Strona:PL Henryk Sienkiewicz-Krzyżacy 0192.jpeg

Ta strona została uwierzytelniona.

— Żeby tak mieć, co jest w ziemi! Otby można Bogdaniec zabudować!
— Widać, że wam lepiej — odrzekł, śmiejąc się Zbyszko. — Hej! starczyłoby i na murowany zamek! Ale zajedziem do fary, bo tam i gościnę nam dadzą, i będziecie się mogli wyspowiadać. Wszystko jest w Boskich rękach, ale równo lepiej mieć sumienie na porządek.
— Ja grzeszny człowiek, rad się pokajam — odrzekł Maćko. — Śniło mi się w nocy, że mi dyabli skorznie z nóg ściągają... I po niemiecku z sobą szwargotali... Bóg łaskaw, że mi ulżyło.

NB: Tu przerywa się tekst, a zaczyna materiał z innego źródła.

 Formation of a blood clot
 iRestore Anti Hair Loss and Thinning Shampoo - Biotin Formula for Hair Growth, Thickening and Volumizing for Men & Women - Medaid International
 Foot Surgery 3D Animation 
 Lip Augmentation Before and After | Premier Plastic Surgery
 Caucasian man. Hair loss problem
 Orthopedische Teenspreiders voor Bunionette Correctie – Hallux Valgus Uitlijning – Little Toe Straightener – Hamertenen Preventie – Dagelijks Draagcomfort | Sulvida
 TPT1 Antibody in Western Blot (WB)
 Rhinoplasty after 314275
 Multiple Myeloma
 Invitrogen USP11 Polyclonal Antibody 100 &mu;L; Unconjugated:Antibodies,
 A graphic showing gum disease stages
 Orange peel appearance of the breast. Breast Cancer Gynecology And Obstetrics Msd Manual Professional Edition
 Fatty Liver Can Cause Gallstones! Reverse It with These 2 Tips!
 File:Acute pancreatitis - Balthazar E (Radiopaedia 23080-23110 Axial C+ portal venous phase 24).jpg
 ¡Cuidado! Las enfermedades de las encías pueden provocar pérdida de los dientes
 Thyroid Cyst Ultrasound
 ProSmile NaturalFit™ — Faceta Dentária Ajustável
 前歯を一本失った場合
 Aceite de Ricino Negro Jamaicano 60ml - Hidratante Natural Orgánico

A ty spałeś krzynę?
— Jakożem miał spać, kiedym was pilnował?
— To przylegnij sobie trochę. Jak dojedziemy, to cię zbudzę.
— Gdzie mnie tam do spania!
— A co ci przeszkadza?
Zbyszko spojrzał na stryjca oczyma dziecka.
— A co jak nie kochanie? Aże mie kolki od wzdychania w dołyszku sparły, ale siądę trochę na konia, to mi ulży.
I zlazłszy z wozu, siadł na konia, którego mu Turczynek, podarowany przez Zawiszę, sprawnie podał. Maćko tymczasem brał się nieco z bólu za bok, ale widocznie myślał o czem innem, nie o własnej chorobie, bo kręcił głową, cmokał ustami i wreszcie rzekł:
— Toć dziwuję się, dziwuję i nie mogę się wydziwować, zkądeś ty na to kochanie taki pożerny, bo ani twój rodzic nie był taki, ani ja też.